63話 マリアベルーア
すいません、おまたせしました。
本当に不幸な報せは、いつも唐突にやって来る。
彼女はそれを二回も知ることになった。
一回目は婚約破棄。
二回目は父親の訃報。
婚約破棄のときは、全く想像だにしていなかった。
三日にあけず会っていたというのに、彼女は一方的に婚約破棄を突きつけられた。
当時のマリアベルーアは頭の中が真っ白になり、何も言えなかった。
だが少し落ち着くと、『ああ、仕方ないか』と悟った。
自分は太った女の子だ。お芝居に登場するような女の子とはほど遠い存在なのだ。一緒に観たお芝居のように、平民が王子様と結ばれるはずがないのだと。
だから仕方ないと受け入れた。
でも心の奥底で――泣いていた。
婚約してくれた王子は、人を容姿で判断する人じゃないと思っていた。
少し暗い目をしているが、誰かを傷つけるような人じゃないと思っていた。
困っている人や弱っている人に手を差し伸べてくれる人だと思っていた。
マリアベルーアは心の底からそう思っていた。
しかし婚約破棄から二日後、マリアベルーアは事の真相を知った。
今回の婚約破棄騒動は、彼女の父が判断を見誤った結果だったのだ。
王太子ではない王子を自分たちの手で王太子へ、と画策していたのだと、彼女の父がそう明かしたのだ。
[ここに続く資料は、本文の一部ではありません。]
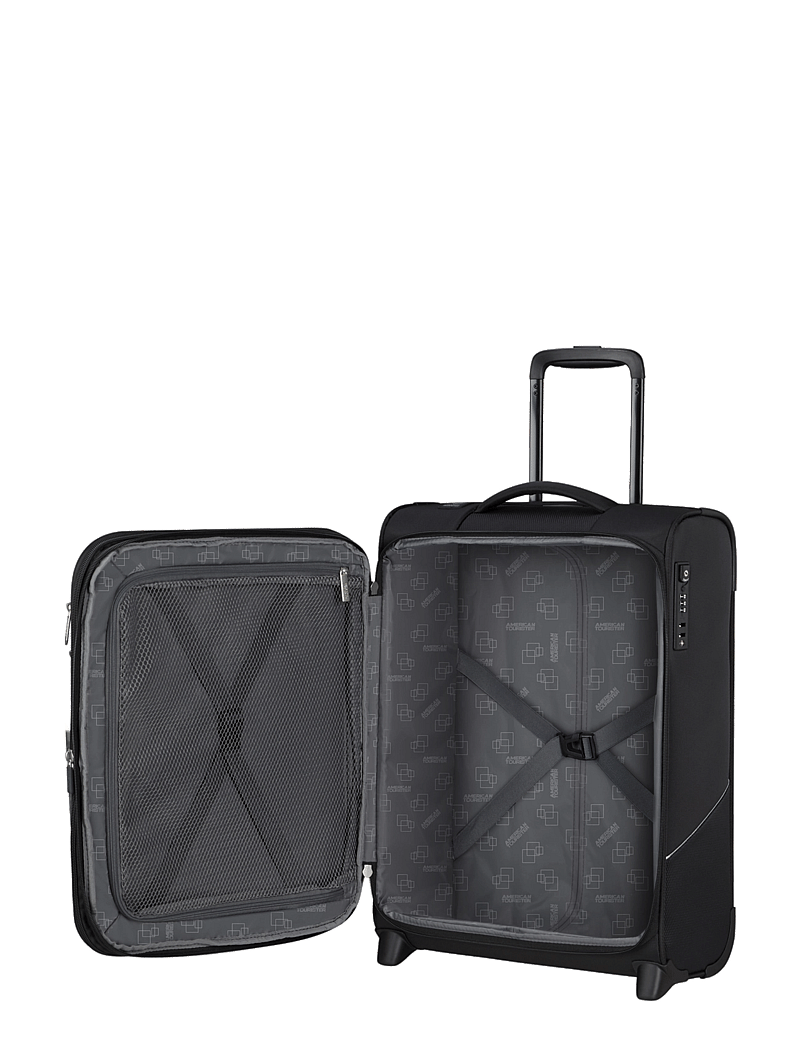 American Tourister - SUMMERRIDE UPRIGHT S EXP TSA - kabinväskor - black - 5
要は、自分たちにとって都合の良い王様を担ぎ上げようとした。
今回の婚約はそのための足掛かりであり、自分と王子はそれに利用されようとしていただけだと……
普通の娘ならば激怒したことだろう。
しかしマリアベルーアは少々達観したところがあり、父が明かしたことを素直に受け入れた。
婚姻とは契約であり、契約外のことを望んではならない。そういう認識だった。
しかも王子との婚約は、臣籍降下の意味が含まれていた。むしろそれが目的だった。だから王族と平民の婚約が結ばれるという無理が通った。
だと言うのに、王子を王太子にしようなどと画策した。
契約違反をしたのはこちらの方と、マリアベルーアはそう理解した。
それから彼女の生活は一変した。
屋敷で働いていた者の態度が明らかに変わった。そこまで露骨ではないが、明らかに扱いが雑になった。
だがこれは当然ともいえることだった。
王家の反感を買った家だ。次の仕事が見つかったら辞めようと考えている者が増えたのだ。だから仕事が雑になったのだった。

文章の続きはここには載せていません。